• _What you need to do_: Repeat only the lines running from the beginning of the material through the line that contains "Confect Pearl Sprinkles".

• _Information given_:
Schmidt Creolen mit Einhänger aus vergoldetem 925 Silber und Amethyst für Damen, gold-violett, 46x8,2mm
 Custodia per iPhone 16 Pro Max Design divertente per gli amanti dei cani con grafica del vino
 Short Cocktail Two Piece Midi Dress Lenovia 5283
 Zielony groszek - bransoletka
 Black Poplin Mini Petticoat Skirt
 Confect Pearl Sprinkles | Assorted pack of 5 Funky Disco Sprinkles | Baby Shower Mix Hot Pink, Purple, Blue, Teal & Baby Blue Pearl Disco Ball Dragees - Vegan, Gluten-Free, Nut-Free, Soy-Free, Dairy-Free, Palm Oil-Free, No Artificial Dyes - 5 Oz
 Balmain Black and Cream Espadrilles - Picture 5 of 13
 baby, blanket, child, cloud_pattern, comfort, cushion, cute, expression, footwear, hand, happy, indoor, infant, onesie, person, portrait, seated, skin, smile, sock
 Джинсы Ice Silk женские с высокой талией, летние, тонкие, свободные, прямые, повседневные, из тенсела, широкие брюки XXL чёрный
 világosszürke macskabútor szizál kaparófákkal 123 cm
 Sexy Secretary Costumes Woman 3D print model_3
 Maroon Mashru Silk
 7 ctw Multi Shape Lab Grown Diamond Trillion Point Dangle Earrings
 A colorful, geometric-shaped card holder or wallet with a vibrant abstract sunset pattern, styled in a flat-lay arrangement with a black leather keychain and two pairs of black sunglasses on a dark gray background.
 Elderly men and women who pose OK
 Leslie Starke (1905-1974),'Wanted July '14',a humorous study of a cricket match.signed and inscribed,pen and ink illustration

• _Problem solution_:
Schmidt Creolen mit Einhänger aus vergoldetem 925 Silber und Amethyst für Damen, gold-violett, 46x8,2mm
 Custodia per iPhone 16 Pro Max Design divertente per gli amanti dei cani con grafica del vino
 Short Cocktail Two Piece Midi Dress Lenovia 5283
 Zielony groszek - bransoletka
 Black Poplin Mini Petticoat Skirt
 Confect Pearl Sprinkles | Assorted pack of 5 Funky Disco Sprinkles | Baby Shower Mix Hot Pink, Purple, Blue, Teal & Baby Blue Pearl Disco Ball Dragees - Vegan, Gluten-Free, Nut-Free, Soy-Free, Dairy-Free, Palm Oil-Free, No Artificial Dyes - 5 Oz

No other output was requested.